JPH0644068Y2 - Induction heating joining device - Google Patents

Description

[Detailed Description of the Invention] A. Field of Industrial Application The present invention relates to an improvement of an induction heating bonding apparatus for butt-joining pipes.

B. Outline of the Invention The present invention is an induction heating joining device for matching and aligning tubular bodies with each other. An output transformer connected to a power source by a flexible means for power supply includes a temperature raising coil portion and a heat retaining coil portion. It is configured to move along the orbit around the abutting part by connecting and fixing the fixed part, and the moving heating operation causes each part to sequentially melt the amorphous metal in the temperature increasing coil part, and the heat retaining coil part. The soaking treatment is performed by heating the above, and good joining is achieved.
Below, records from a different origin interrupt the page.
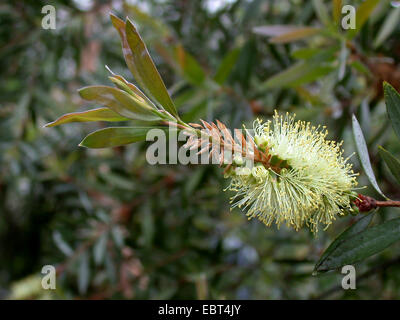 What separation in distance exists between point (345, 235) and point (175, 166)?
3.44 feet

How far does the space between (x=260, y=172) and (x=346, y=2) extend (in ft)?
2.77

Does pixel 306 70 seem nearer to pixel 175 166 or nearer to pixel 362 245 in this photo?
pixel 362 245

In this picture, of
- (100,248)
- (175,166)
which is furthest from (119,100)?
(175,166)

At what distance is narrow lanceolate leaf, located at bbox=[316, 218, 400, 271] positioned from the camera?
583 millimetres

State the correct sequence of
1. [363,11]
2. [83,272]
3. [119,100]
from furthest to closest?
[83,272] → [363,11] → [119,100]

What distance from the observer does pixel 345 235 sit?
61cm

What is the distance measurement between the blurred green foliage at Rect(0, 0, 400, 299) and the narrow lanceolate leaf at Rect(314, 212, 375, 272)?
1.48ft

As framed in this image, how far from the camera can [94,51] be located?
1.99 metres

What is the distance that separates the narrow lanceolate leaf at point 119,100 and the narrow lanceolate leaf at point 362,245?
14.9 inches

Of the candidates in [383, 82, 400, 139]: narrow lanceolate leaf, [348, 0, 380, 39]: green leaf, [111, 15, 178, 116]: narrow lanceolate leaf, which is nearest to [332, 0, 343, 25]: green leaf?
[348, 0, 380, 39]: green leaf

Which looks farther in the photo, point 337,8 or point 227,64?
point 227,64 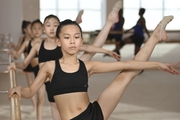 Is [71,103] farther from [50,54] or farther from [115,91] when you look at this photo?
[50,54]

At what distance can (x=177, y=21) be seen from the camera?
10.6 m

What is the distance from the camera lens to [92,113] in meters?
2.70

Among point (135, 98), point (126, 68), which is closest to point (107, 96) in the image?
point (126, 68)

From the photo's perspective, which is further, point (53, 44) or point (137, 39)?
point (137, 39)

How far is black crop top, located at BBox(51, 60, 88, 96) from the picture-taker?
2.63 meters

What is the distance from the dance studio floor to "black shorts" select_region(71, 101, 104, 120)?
2.59 metres

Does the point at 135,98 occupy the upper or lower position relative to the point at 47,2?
lower

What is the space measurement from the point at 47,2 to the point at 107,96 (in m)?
8.22

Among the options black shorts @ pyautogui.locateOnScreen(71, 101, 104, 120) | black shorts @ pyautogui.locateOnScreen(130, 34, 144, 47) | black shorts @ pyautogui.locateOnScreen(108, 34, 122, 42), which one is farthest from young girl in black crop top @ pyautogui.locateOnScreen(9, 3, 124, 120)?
black shorts @ pyautogui.locateOnScreen(108, 34, 122, 42)

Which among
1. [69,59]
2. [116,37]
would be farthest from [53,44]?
[116,37]

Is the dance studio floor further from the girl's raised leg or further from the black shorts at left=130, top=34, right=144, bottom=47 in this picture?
the girl's raised leg

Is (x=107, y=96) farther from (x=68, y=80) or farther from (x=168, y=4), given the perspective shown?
(x=168, y=4)

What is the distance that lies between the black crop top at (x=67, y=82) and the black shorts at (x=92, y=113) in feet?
0.43

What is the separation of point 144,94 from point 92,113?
14.8 ft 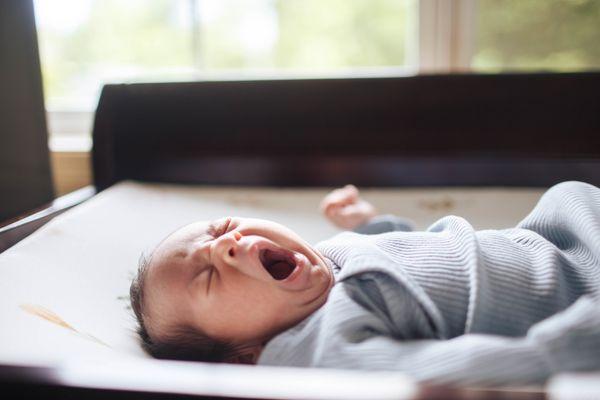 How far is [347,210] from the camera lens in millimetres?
1089

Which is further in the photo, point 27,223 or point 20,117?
point 20,117

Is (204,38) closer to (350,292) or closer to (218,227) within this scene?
(218,227)

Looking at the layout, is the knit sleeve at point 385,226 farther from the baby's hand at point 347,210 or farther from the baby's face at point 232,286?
the baby's face at point 232,286

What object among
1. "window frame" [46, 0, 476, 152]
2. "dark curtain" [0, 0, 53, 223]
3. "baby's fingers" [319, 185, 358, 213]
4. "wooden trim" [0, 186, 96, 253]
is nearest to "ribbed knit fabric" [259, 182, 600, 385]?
"baby's fingers" [319, 185, 358, 213]

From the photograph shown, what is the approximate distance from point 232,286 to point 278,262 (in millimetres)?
98

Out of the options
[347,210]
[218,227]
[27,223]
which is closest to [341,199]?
[347,210]

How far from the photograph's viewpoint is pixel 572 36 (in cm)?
159

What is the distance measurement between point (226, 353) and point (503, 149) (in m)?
0.93

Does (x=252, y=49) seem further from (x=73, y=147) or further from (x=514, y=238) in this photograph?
(x=514, y=238)

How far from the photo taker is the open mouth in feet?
2.21

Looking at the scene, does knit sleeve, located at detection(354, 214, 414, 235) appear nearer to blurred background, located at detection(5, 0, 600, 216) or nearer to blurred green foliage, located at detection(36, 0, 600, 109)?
blurred background, located at detection(5, 0, 600, 216)

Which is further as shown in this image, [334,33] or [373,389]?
[334,33]

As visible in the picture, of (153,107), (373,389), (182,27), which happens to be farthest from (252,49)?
(373,389)

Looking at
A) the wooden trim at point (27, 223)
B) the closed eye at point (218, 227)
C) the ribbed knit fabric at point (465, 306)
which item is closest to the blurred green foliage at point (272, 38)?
the wooden trim at point (27, 223)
C. Conventional technology Generally, an amorphous high-speed joining system is used as one of the butt joining means for joining tubular bodies.

This principle is to perform joining by sandwiching a low melting point material such as amorphous material and heating the joining portion by high frequency induction heating to diffuse the amorphous metal in a solution state.

Conventionally, an induction heating bonding apparatus as illustrated in FIGS. 6 to 8 has been used in an amorphous high speed bonding system.

The apparatus shown in the figure has a ring-shaped amorphous metal 9 shown in FIG.
It is to be installed in the associated part 5. That is,
The clamper 3 is fixed to the end portion of the one tube body 1, and the clamper 4 is also fixed to the end portion of the other tube body 2. One clamper 3
And the other clamper 4 are connected by a plurality of connecting rods 8 so that the ends of the tube body 1 and the tube body 2 are held in abutment with each other through the amorphous metal 9.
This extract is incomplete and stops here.